On our way to school at 7:00, the oldest asked “Why is my phone in SOS? Did you not pay the bill?”
My reply: “I don’t know, yes, and you don’t need it at school anyway.”
By the time I got home, nothing that we use to access the interwebs or phones worked. We were part of the AT&T snafu - and frankly, I was fine with it. I used the quiet to catch up on some deep work that needed my attention. I also remember a time when that was the glorious norm.
AT&T Screwed Up Twice That Day (at least!)
I do crisis planning and management for a living - and here is the first rule for any crisis:
Your client should hear about the mistake or gap in service from you first.
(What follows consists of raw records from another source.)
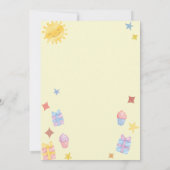 かわいい水色レインボー、太陽と雲誕生日 招待状 (裏面)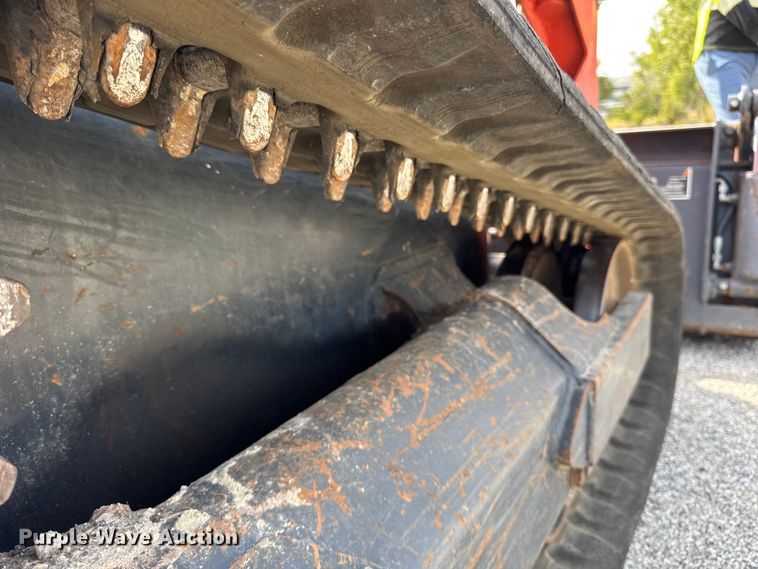 image for item EF2192 Kubota SVL65-2 tracked skid steer loader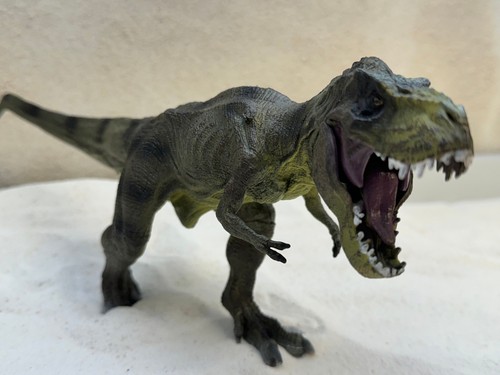 Jurassic Park selber machen - Bild 3 von 18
I wasn’t bothered by the outage, I was bothered that the company I pay plenty of money did not let me know about the outage. They didn’t text me (I still had wifi), they didn’t email, they didn’t post anything on social media, nor did they put a notice on the website. NOTHING - not even a carrier pigeon or press statement.
I finally found the update buried on The Drudge Report quoting a Dailymail (UK) article. YEP - I had to rely on the British for an update on my cell service.
You will one day have a crisis. You will one day make a mistake. You will one day miss a client deadline. Rule #1: let the client know immediately that you are aware of it and have either resolved the issue or have delayed everything else to resolve it. Let them know in as many modes as possible (text, call, email, social media post, press release, etc.)
Everyone messes up, that is a given. Trust is strengthened when we own it. Trust is destroyed when we remain silent in the face of it.
This is all part of my Crisis Proofing Your Business Plan. Know what you will communicate and to whom it will go BEFORE you need it.